A Visconde de Santa Isabel nasce em Vila Isabel, ladeia o Antigo Zoológico, assiste ao início da Grajaú-Jacarepaguá para tornar-se, irreconhecível do que fora, Grajaú. Com efeito, o trecho iniciado logo após a estrada, uma colina em cujo cimo situa-se exatamente o 486 onde morei e que depois aplaina-se para enfim terminar depois da Canavieiras (em área que já foi tão bucólica que o time do Fluminense concentrava-se ali), em nada é semelhante ao seu troço inicial, no bairro de Noel. Dir-se-iam duas ruas diferentes.

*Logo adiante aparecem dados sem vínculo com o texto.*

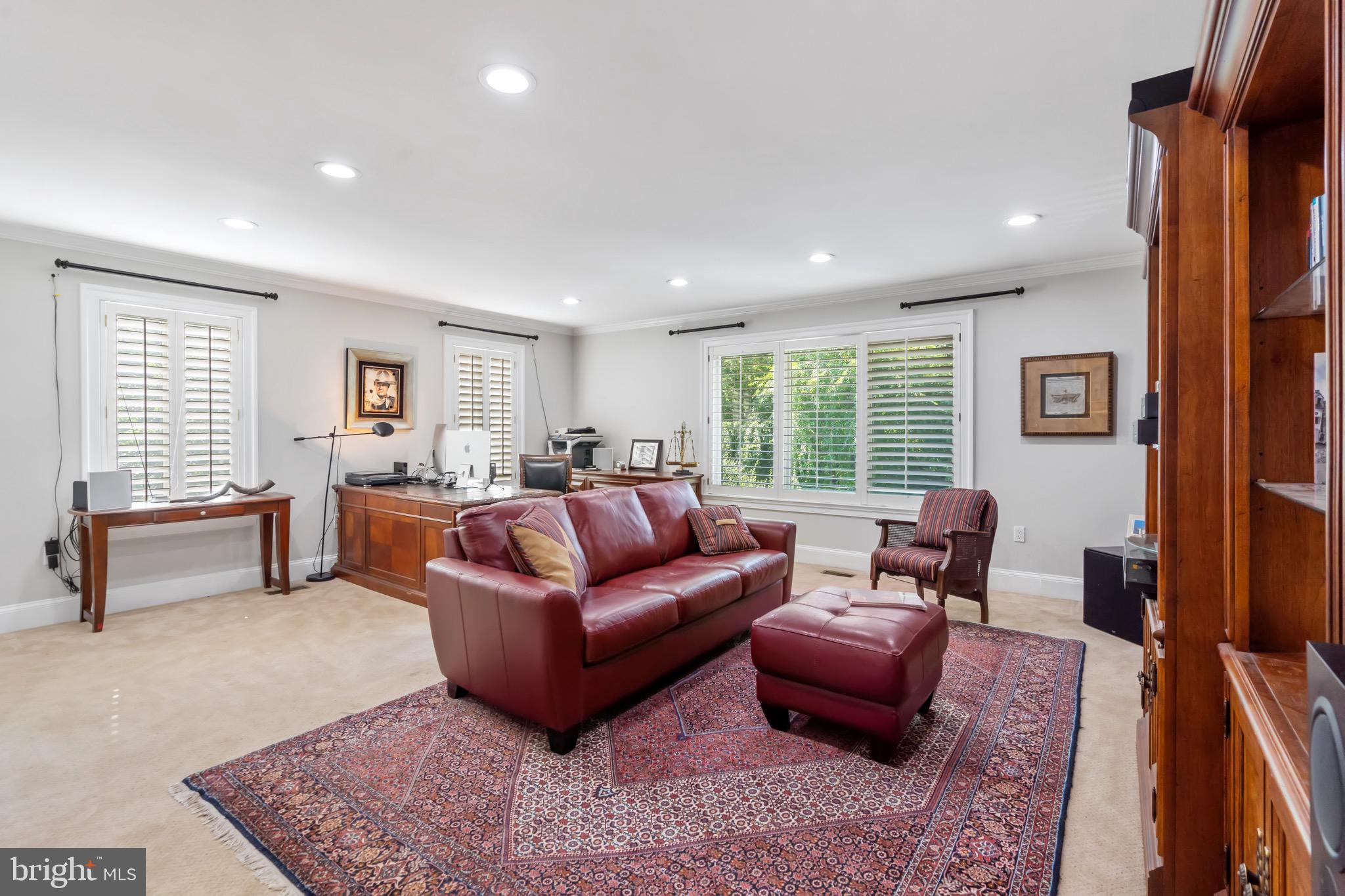 LEXINGTON ESTATES - Residential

Como disse, morei no pequeno prédio de três andares e seis apartamentos e muitos escadas bem no alto da colina e bem no centro da curva. Ali, com colina e curva, fazia o que mais amava na vida: jogar bola na rua. Os companheiros eram Cláudio, Caco, Branquinho, Branco, às vezes Dentinho e Mamão. Não adianta procurar no facebook, de nenhum sei sobrenome; na verdade sequer o nome dos quatro últimos. Havia ainda os odiosos irmãos César, Marco Antônio e André. E havia o Marcelão. Amigos de verdade eram Cláudio e Caco. Branquinho era solerte e Branco a vítima inclemente do bullying. Dentinho e Mamão não fediam nem cheiravam e com os irmãos o tempo quase sempre fechava. O Marcelão era Marcelão, grande, gordo, afável, vascaíno, a barriga escapando da camisa. Creio que circulava bem tanto entre nós quanto entre César e Marco. Não brigava, não xingava, sempre amável que era. E pelo físico, sempre goleiro também.

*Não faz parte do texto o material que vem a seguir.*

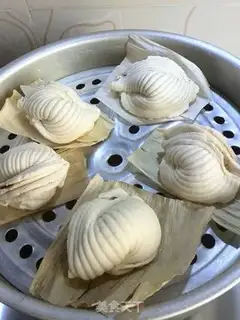 Make Shell pretzels step 18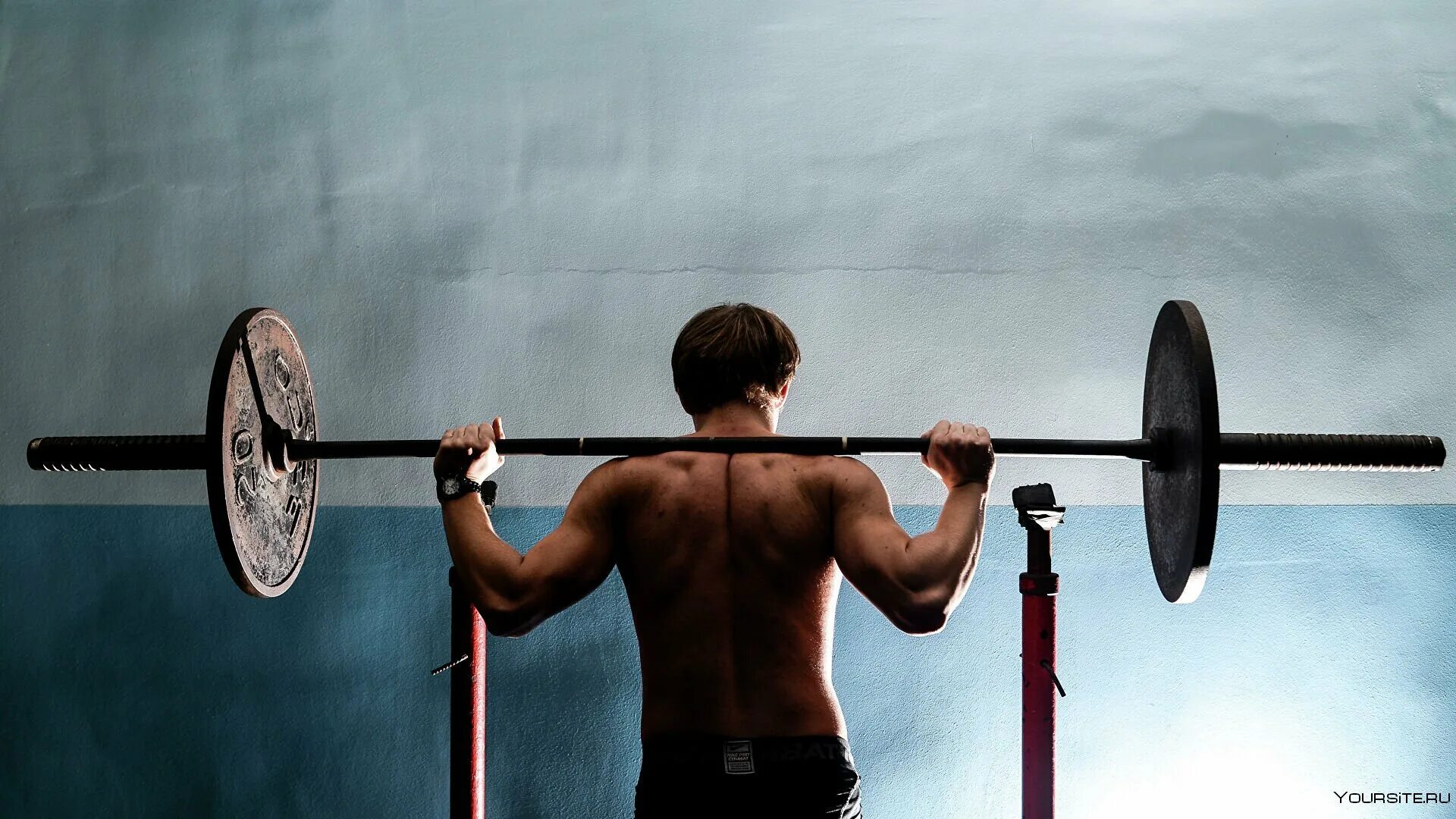 Фронтальные приседания со штангой. Спортсмен со штангой. Спортсмен со штангой. Мужчина со штангой. Мужчина в зале.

Eu lembrei disso tudo enquanto empurrava o triciclo que rangia já fraquinho sob o peso do Dantinho. Descemos pela Mearim puxando o freio de mão e então pegamos a Marechal Jofre (e assim o Grajaú homenageia a França na Grande Guerra: Jofre e Verdun) para voltar à Júlio Furtado. Na esquina da Professor Valadares, paro de empurrar e abaixo para conversar de perto e trocar afagos. Seguimos. Na esquina da Itabaiana quem encontramos? Claro, o Marcelão.

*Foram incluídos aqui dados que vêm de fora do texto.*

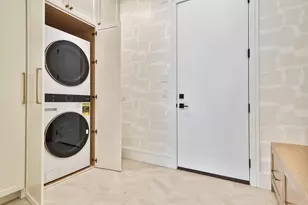 533 Kensington Ct, Hinsdale, IL 60521 - Photo 14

Não nos víamos há mais de trinta anos. O reconhecimento foi imediato. Ele é o mesmo.
Quando conto a história à minha mãe, que então esquentava o feijão do pequeno, ela diz:
-- Olha, meu filho, eu sei que você não acredita nessas coisas, mas isso tem um nome.
-- O quê, mãe?
-- Espiritismo -- ela responde em tom sério, quase soturno, como que se a revelar segredo.
Sempre que rolam diálogos assim entre mim e minha mãe, tenho que segurar
o riso, o que faço de má vontade, pois gosto de rir. Ela reclama, não sem alguma razão, que
debocho.
Mas, tá, e o porquê disso tudo? Porque eu realmente não acredito em nada
disso, essas coisas me fazem rir a bandeiras despregadas.
Mas que o Dante, com sua West, com seu autismo, tem um sexto sentido, isso tem.
E assim termina a crônica memorialística, cheia de lacunas. Espiritismo.
PS: Será que o Marcelão ainda joga no gol?